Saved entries
== Segment start ==
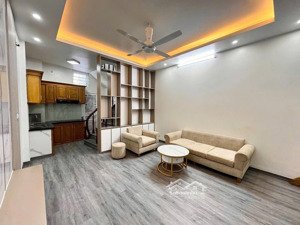 bán nhà la khê, 31m2, 5 tầng, mặt tiền 4.05m , 20m ra đường phân lô vỉa hè oto tránh, 7.3 tỉ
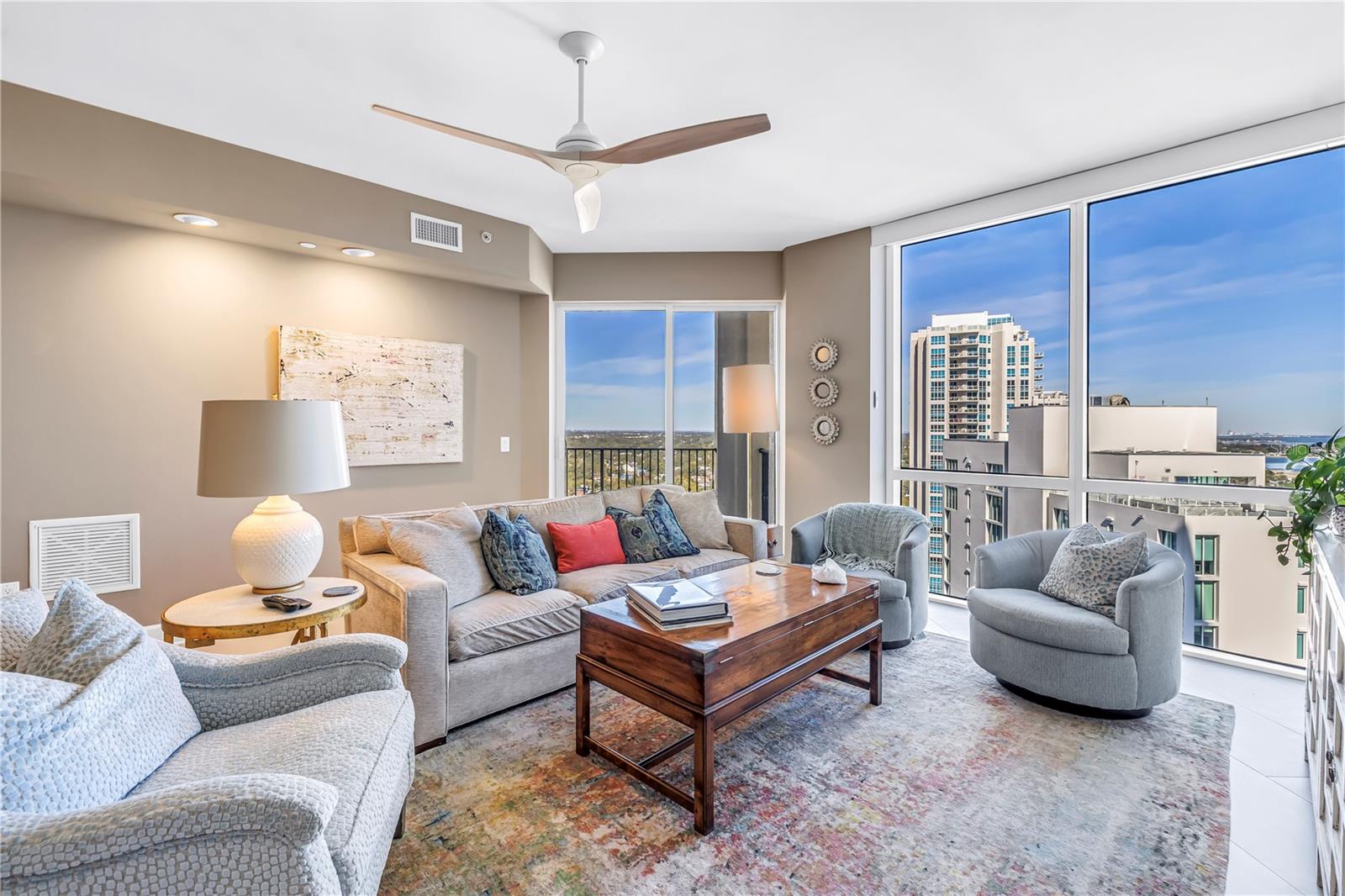 St Petersburg, Florida, 33701, United States, 2 Bedrooms Bedrooms, ,2 BathroomsBathrooms,Residential,Active,2012232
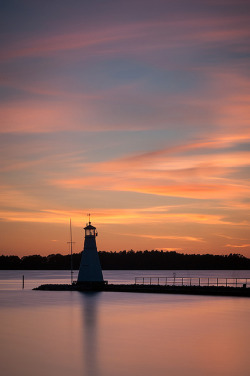 tulipnight:  Sweden lighthouse sunset - Long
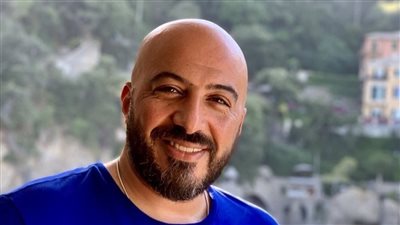 مجدي الهواري يسخر من مها الصغير: من النهاردة أنا مخرج فيلم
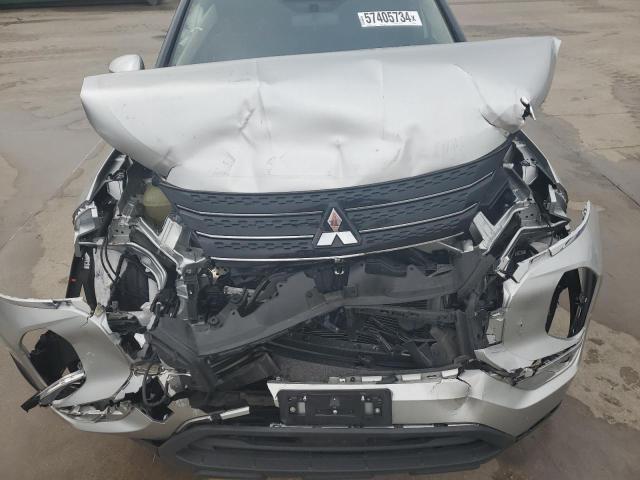 JA4J3TA88NZ032239 Mitsubishi Outlander Es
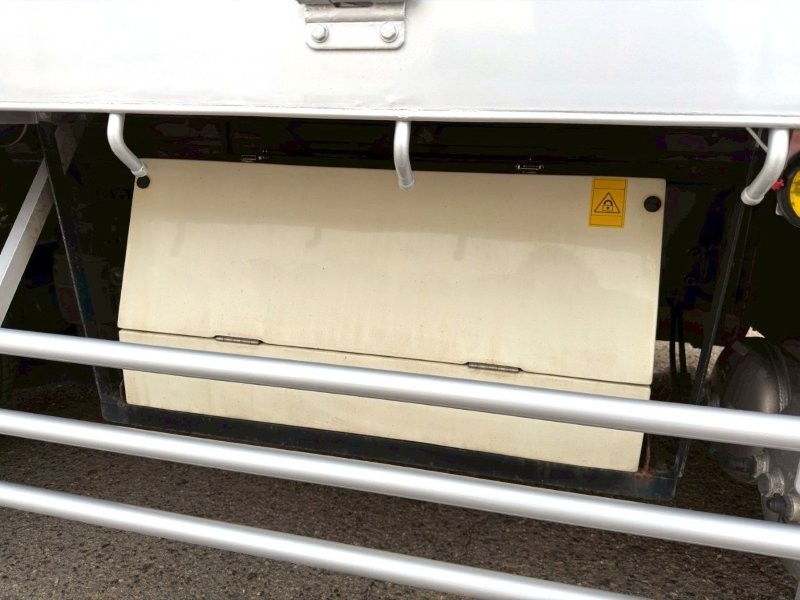 25t仕様　４軸低床　アルミブロック平ボデー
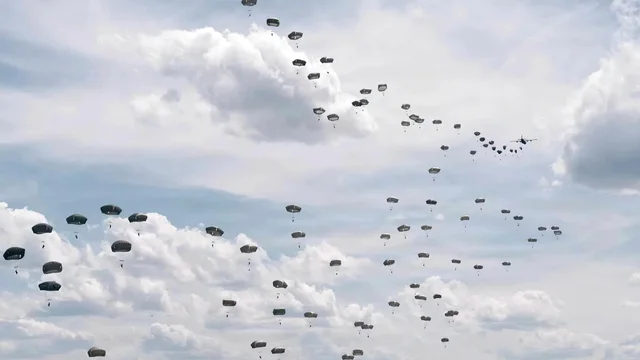 Estados Unidos podría desplegar 2000 paracaidistas en Medio Oriente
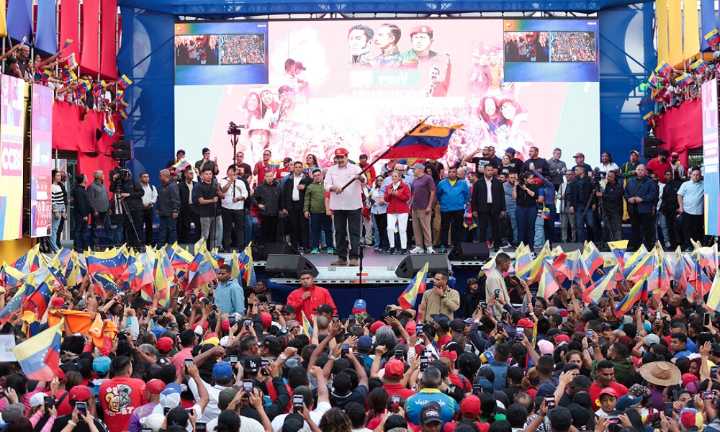 Presidente Nicolás Maduro jura lealtad absoluta al pueblo venezolano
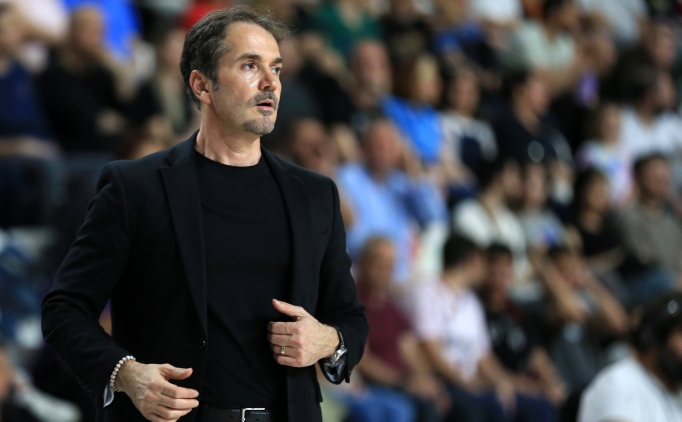 Kar��yaka Ba�antren�r� Ahmet �ak�, Manisa Basket ma�lubiyetini de�erlendirdi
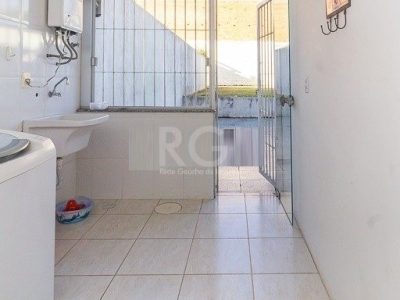 Casa Condominio à venda com 283m², 4 quartos, 4 suítes, 3 vagas no bairro Chácara das Pedras em Porto Alegre - Foto 32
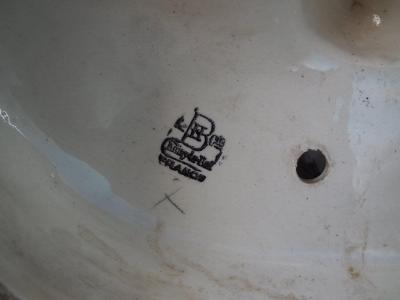 Choisy le Roi Majolica Rooster Cockerel Vase by Louis Carrier Belleuse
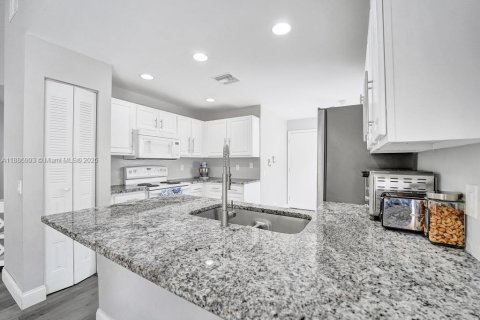 Villa ou maison à vendre à Davie, Floride: 3 chambres, 122.45 m2 № 1933579 - photo 4
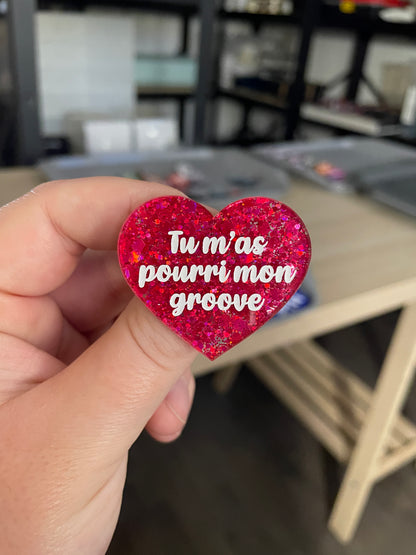 Broche "Tu m'as pourri mon groove" en acrylique semi-transparente avec des confettis rouges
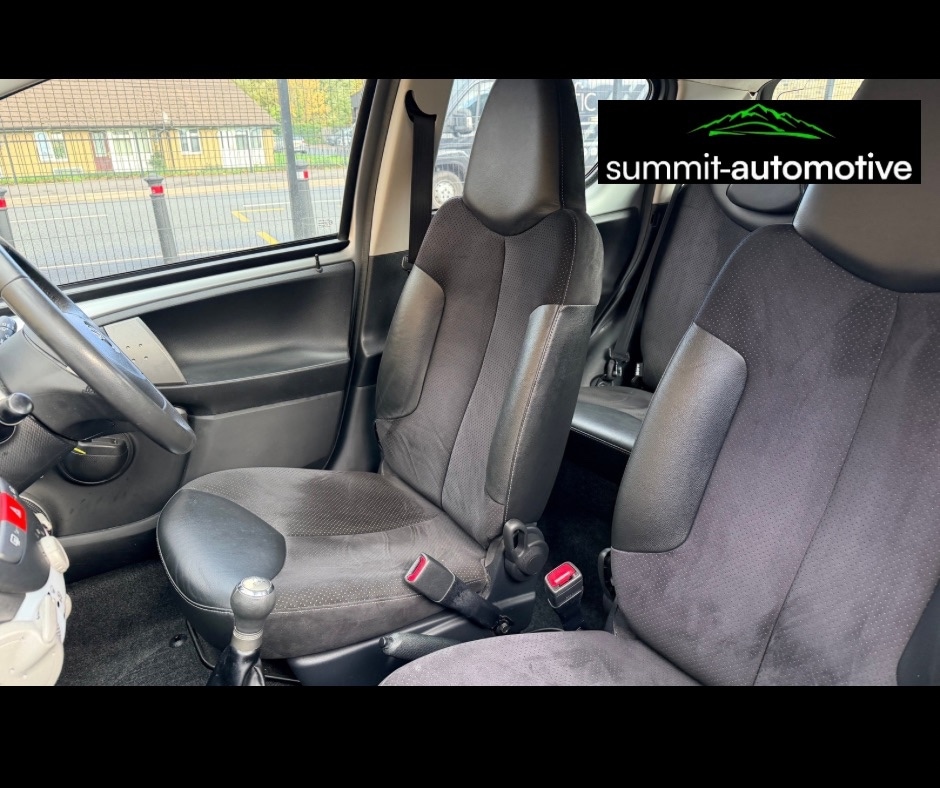Used Toyota AYGO 2012 for sale - 76355000: Photo 17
== Segment end ==
Task objective: Retype the data word for word, please, and keep the images out.

Solution for this task:
 bán nhà la khê, 31m2, 5 tầng, mặt tiền 4.05m , 20m ra đường phân lô vỉa hè oto tránh, 7.3 tỉ
 St Petersburg, Florida, 33701, United States, 2 Bedrooms Bedrooms, ,2 BathroomsBathrooms,Residential,Active,2012232
 tulipnight:  Sweden lighthouse sunset - Long
 مجدي الهواري يسخر من مها الصغير: من النهاردة أنا مخرج فيلم
 JA4J3TA88NZ032239 Mitsubishi Outlander Es
 25t仕様　４軸低床　アルミブロック平ボデー
 Estados Unidos podría desplegar 2000 paracaidistas en Medio Oriente
 Presidente Nicolás Maduro jura lealtad absoluta al pueblo venezolano
 Kar��yaka Ba�antren�r� Ahmet �ak�, Manisa Basket ma�lubiyetini de�erlendirdi
 Casa Condominio à venda com 283m², 4 quartos, 4 suítes, 3 vagas no bairro Chácara das Pedras em Porto Alegre - Foto 32
 Choisy le Roi Majolica Rooster Cockerel Vase by Louis Carrier Belleuse
 Villa ou maison à vendre à Davie, Floride: 3 chambres, 122.45 m2 № 1933579 - photo 4
 Broche "Tu m'as pourri mon groove" en acrylique semi-transparente avec des confettis rouges
Used Toyota AYGO 2012 for sale - 76355000: Photo 17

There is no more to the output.